Matthew Hoh
Matthew Hoh is a former State Department official who resigned in protest from his post in Afghanistan over U.S. strategic policy and goals in the country in September 2009. Prior to his assignment as a political advisor, he served in Iraq initially as the Department of Defense representative with a State Department reconstruction and governance team and later as a Marine Corps company commander. When not deployed, he worked on Afghanistan and Iraq policy and operations issues at the Pentagon and State Department.
Having “lost understanding of and confidence in the strategic purposes of the United States' presence in Afghanistan,” Hoh was the first U.S. official known to resign in protest over the Afghan war. In a letter to the State Department’s head of personnel, which has since been cited as an Essential Document by the Council on Foreign Relations, he expressed his position that the Afghan war had worked to fuel the insurgency.
His letter received a high-level response, with immediate outreach from both U.S. Ambassador Karl W. Eikenberry and Richard C. Holbrooke, the Obama administration's special representative for Afghanistan and Pakistan.

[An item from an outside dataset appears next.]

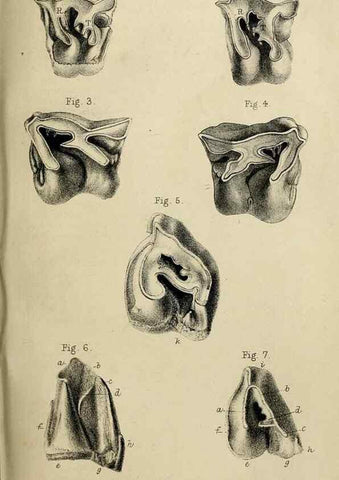 Reproducción/Reproduction 8435351181: Palaeontological memoirs and notes of H. Falconer, with a biographical sketch of the author.. London,1868.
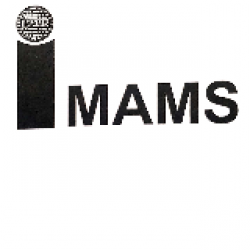 I M A M S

Hoh eventually declined Holbrooke’s offer to join his team in Washington and continues to voice his belief the United States is asking its troops to die in Afghanistan for what is essentially a far-off civil war.
In addition to his service in Iraq and Afghanistan, Hoh was stationed in Okinawa, Japan with the U.S. Marine Corps from 2000-2002.
Hoh’s writings have appeared in the Wall Street Journal and Washington Post, and he was awarded Ridenhour Prize Recipient for Truth Telling in 2010. Hoh graduated from Tufts University in 1995 with a BA in Comparative Religion.